Thank you, but we already have traveled through time into the future.
But there *are* observations that can be made to test this idea.
Such as?
Gold has been made in particle accelerators from other elements.
Nyet. This is wrong. I think scientists like to think that it can be made using LHC or other accelerators, but it can't. These scientists like to think they can but can't because the costs are too astronomical. I don't think anyone can actually create an atom. Atheist scientists like to believe that they'll create an atom someday, but I don't think they'll ever will. God limited humans to the molecular level and changing atoms from into another through radioactive decay.
No, the reason science doesn't use the concept of God is that it is not needed for the explanations. It doesn't help the explanation to be more testable. And it is usually too vague of an idea to be helpful in the precision study of the universe.
You're referring to atheist science. Creation scientists do not limit themselves and use the Bible and are enlightened by what God communicates to them, but again they do not use the Bible nor God as the source. They have to do their own work and come up with the actual science.
As for swans, given the diversity of life, there was always the possibility of a black swan. Again, the existence of such is easily testable.

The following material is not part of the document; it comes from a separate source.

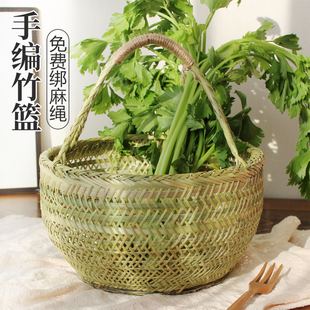 圆篮子手工竹编竹篮子织手提菜篮鸡蛋篮水果收纳竹筐竹编竹器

I know that, but was pointing out that one time, people did not think swans could come in other colors so someone would have to think outside the box to think of an experiment to show that they could come in other colors.
That is why the burden of proof is on the one making the existence claim: it is impossible in many situations to prove a negative (although not always).
It's not that hard to prove a negative and it happens every day. Furthermore, are you saying SETI is not science based on your burden of proof?